In [24]:
import pandas as pd

movies = pd.read_csv("/data/ml-latest/movies.csv")
tags = pd.read_csv("/data/ml-latest/tags.csv")

In [25]:
# Создаем объект с жанрами и тэгами

rows = []
for _, row in movies.iterrows():
    for genre in row["genres"].split("|"):
        rows.append([genre, row["movieId"]])

tags.dropna(inplace=True)
tags = tags[['movieId','tag']]
tags.drop_duplicates(inplace=True)
tags = tags.rename (columns={'tag':'genre'})

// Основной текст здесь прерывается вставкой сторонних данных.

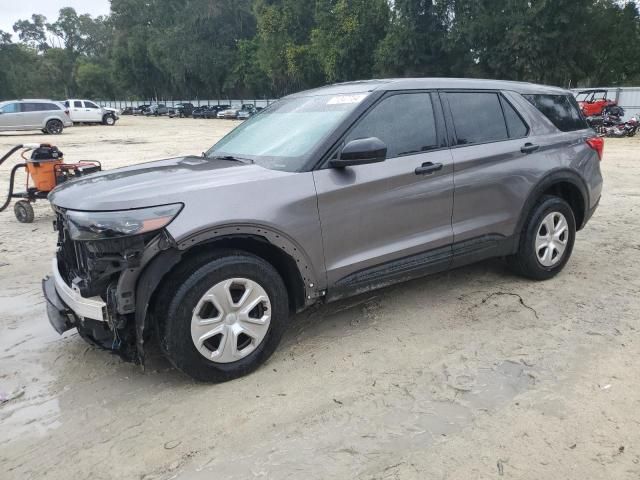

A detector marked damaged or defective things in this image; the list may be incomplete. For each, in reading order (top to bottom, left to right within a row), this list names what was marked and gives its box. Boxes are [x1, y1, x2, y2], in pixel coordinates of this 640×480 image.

broken headlight housing [65, 202, 182, 240]
damaged front bumper [42, 258, 108, 334]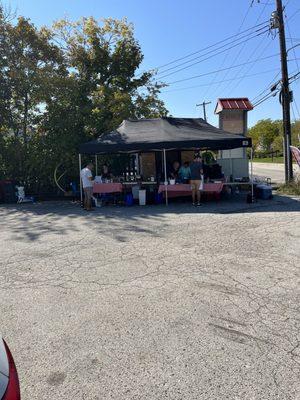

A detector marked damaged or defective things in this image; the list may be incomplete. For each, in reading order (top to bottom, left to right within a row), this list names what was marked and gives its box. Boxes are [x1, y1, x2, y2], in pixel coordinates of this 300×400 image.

cracked pavement [0, 197, 300, 400]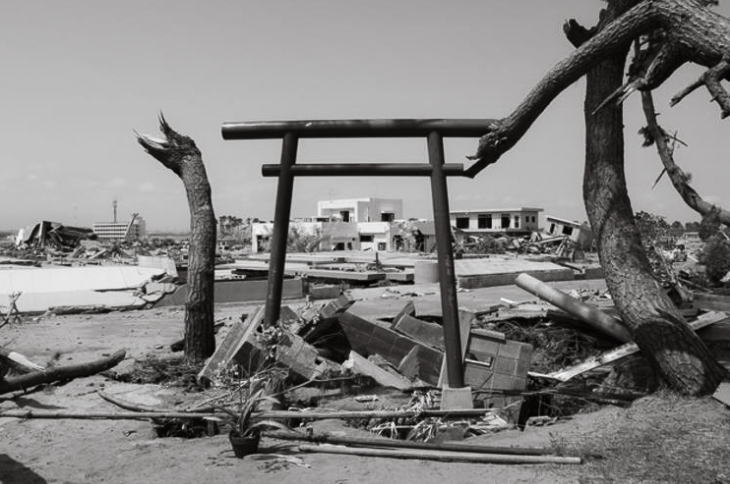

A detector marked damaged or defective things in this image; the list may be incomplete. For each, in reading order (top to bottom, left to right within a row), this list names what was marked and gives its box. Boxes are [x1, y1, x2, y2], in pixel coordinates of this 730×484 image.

broken concrete slab [340, 352, 412, 390]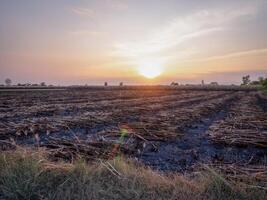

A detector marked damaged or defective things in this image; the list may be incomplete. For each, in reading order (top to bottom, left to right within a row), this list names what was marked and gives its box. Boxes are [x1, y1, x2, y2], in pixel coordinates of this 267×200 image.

burned crop field [0, 86, 267, 182]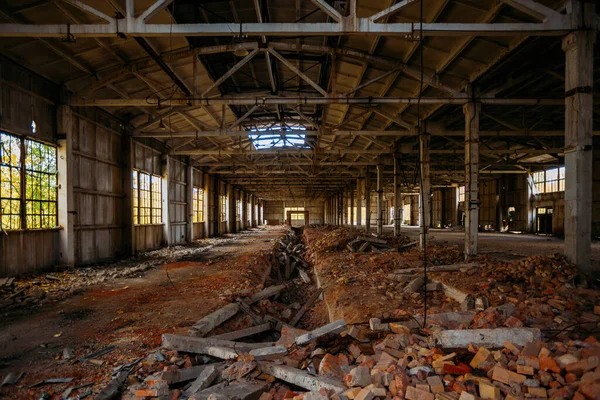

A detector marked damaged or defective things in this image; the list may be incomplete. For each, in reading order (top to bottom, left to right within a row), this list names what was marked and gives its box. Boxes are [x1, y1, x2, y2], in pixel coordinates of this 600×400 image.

broken window frame [1, 132, 58, 231]
broken window frame [132, 169, 162, 225]
broken concrete slab [191, 304, 240, 338]
broken concrete slab [209, 322, 270, 340]
broken concrete slab [296, 318, 346, 346]
broken concrete slab [432, 330, 544, 348]
broken concrete slab [262, 362, 346, 394]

movies_genres = pd.DataFrame(rows, columns=["genre", "movieId"])
movies_genres_tags = pd.concat ([movies_genres,tags])
movies_genres_tags["genre_id"] = movies_genres_tags["genre"].astype("category").cat.codes.copy()
movies_genres_tags.head()

Unnamed: 0,genre,movieId,genre_id
0,Adventure,1,1164
1,Animation,1,1969
2,Children,1,4515
3,Comedy,1,5071
4,Fantasy,1,7971


In [3]:
# Объект без тэгов
rows = []
for _, row in movies.iterrows():
    for genre in row["genres"].split("|"):
        rows.append([genre, row["movieId"]])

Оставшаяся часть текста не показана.